La stratégie indienne repose sur un choix assumé : éviter les sujets géopolitiques qui divisent et privilégier la coopération économique. Le programme s’articule autour de quatre piliers, avec un accent mis sur la résilience des chaînes d’approvisionnement, l’innovation numérique, la gouvernance de l’intelligence artificielle, la coopération douanière et la transition énergétique. New Delhi écarte volontairement la question de la « dédollarisation », sujet sensible qui l’oppose à Moscou et Pékin.
Cette orientation s’inscrit dans un contexte de recomposition des équilibres mondiaux. L’élargissement des BRICS, acté depuis 2023, a transformé un club de cinq économies émergentes en un ensemble hétérogène, porteur d’intérêts divergents. L’Inde, qui préside pour la dernière fois avant au moins une dizaine d’années, cherche à consolider un bloc dont la cohésion reste fragile. La défense du multilatéralisme et la réforme de l’Organisation mondiale du commerce figurent parmi les rares points d’accord partagés par l’ensemble des membres.
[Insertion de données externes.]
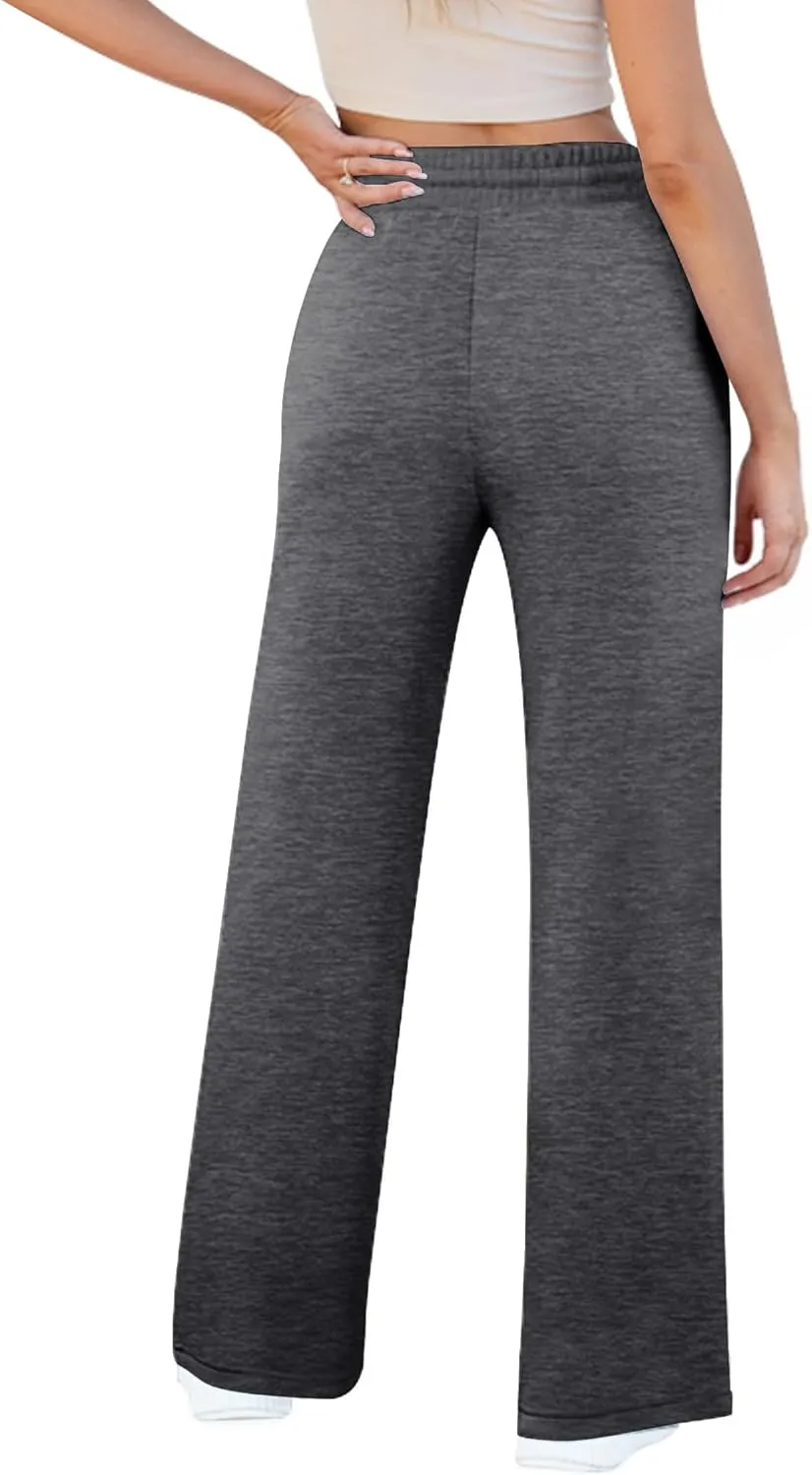 Womens Wide Leg Sweatpants Casual Loose Solid Pants Comfy Lounge Joggers Baggy Sweatpants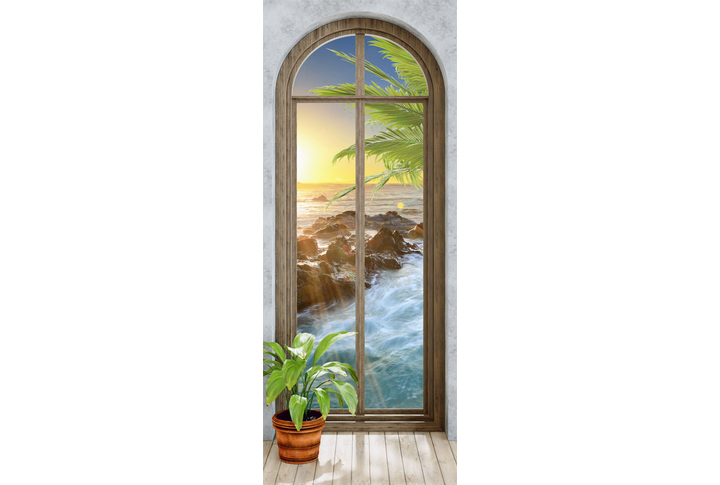 Фотообои «3D Окно с видом на морской закат»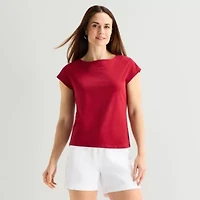 Liz Claiborne Womens Boat Neck T-Shirt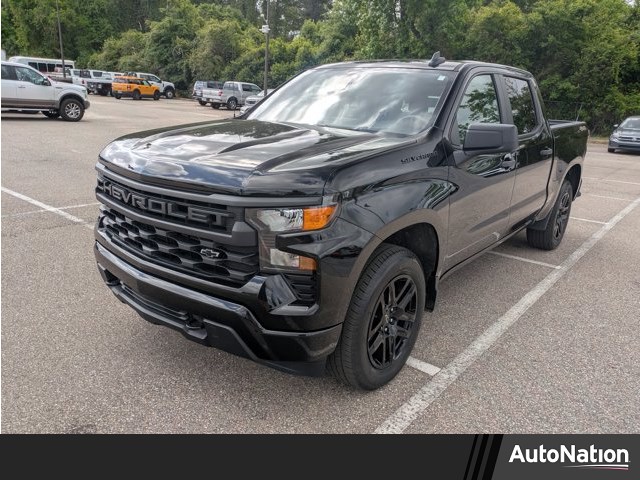 Black 2024 Chevrolet Silverado 1500 Custom Crew Cab 4WD Pickup Truck Four-Wheel Drive 8-Speed Automatic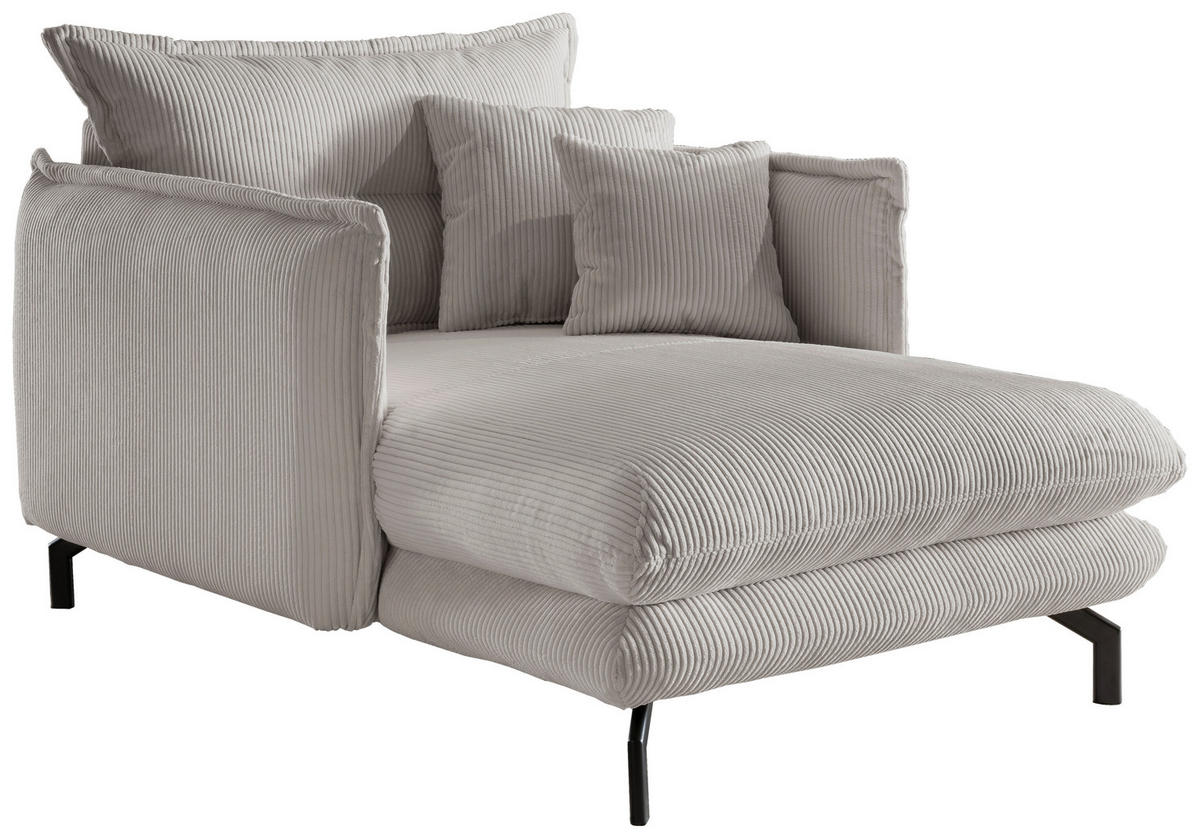 XXL-SESSEL Cord Silberfarben    - Silberfarben/Schwarz, MODERN, Textil/Metall (111/101/167cm) - Livetastic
Les perspectives dépendront de la capacité de New Delhi à transformer les déclarations en actes. En amont du sommet, les ministres du Commerce des pays membres se sont réunis en août dernier et se sont engagés à défendre le système commercial multilatéral, à s’opposer à l’unilatéralisme et au protectionnisme, et à promouvoir la réforme de l’OMC. Ils ont également décidé de faire progresser l’intégration économique dans le cadre élargi des BRICS, notamment sur les chaînes de valeur mondiales, les micros, petites et moyennes entreprises et le commerce transfrontalier des services numériques.
Le mois dernier, les ministres de l’Industrie ont adopté une déclaration commune et approuvé un document ainsi qu’un plan d’action du groupe de travail sur l’industrie photovoltaïque. Un cadre de coopération pour les PME et un plan d’action en faveur des start-ups ont également été validés. Ces avancées sectorielles témoignent d’une volonté de bâtir une coopération concrète, loin des postures idéologiques.
Reste à savoir si cette approche pragmatique suffira à masquer les lignes de fracture. Entre la position indienne, soucieuse de préserver ses liens avec l’Occident, et les ambitions de Moscou et Pékin, le sommet de New Delhi dira si le Sud Global peut parler d’une seule voix ou s’il reste un assemblage d’intérêts disparates.